I have a seemingly simple question that I haven't been able to resolve:
Question. Suppose that $f:(0,\infty)\to(0,\infty)$ is nondecreasing. Suppose that $f\leq L$ for a slowly varying function $L$. Does this imply that $f$ is also slowly varying?
For example, If we have some arbitrary function $f$ such that $0\leq f\leq L$ where $L$ is slowly varying, then obviously this doesn't imply that $g$ is also slowly varying. To see this, we can take $f(x)=\sin(x)+2$.
However, if we also assume that $f$ is nondecreasing, the question strikes me as nontrivial. For instance, a bounded nondecreasing function is convergent, hence slowly varying, and so the claim is at least true in this limited context.
Edit. I mean slowly varying in the standard sense of the term, i.e., $L$ is slowly varying if and only if $$\lim_{x\to\infty}\frac{L(ax)}{L(x)}=1$$ for every $a>0$.
No. Take $L(x) = \log(x + 1)$, and let $$f(x) = \exp(\lfloor \log \log (x + 1) \rfloor)$$ where $\lfloor \cdot \rfloor$ denotes the floor function.

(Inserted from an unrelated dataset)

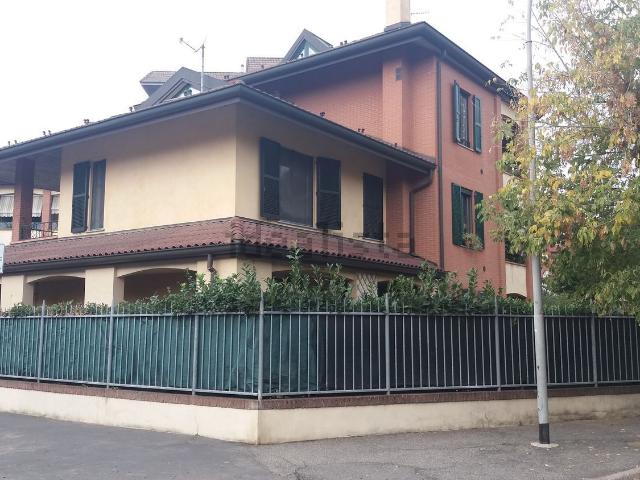 Casa in vendita a Pero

Then $L$ is slowly varying and $f \leq L$, but for $f$ the required limit does not exist for any $a \neq 1$ -- in fact for all $a > 1$ we have $\limsup_{x \to \infty} f(ax)/f(x) = e$, since $f$ scales by a factor of $e$ at the jump discontinuity at each point of the form $x = \exp(\exp(n)) - 1$.
If you would want $f$ to be continuous, then we can just remove each of the discontinuities at these points, replacing the jumps with sufficiently steep linear decreases.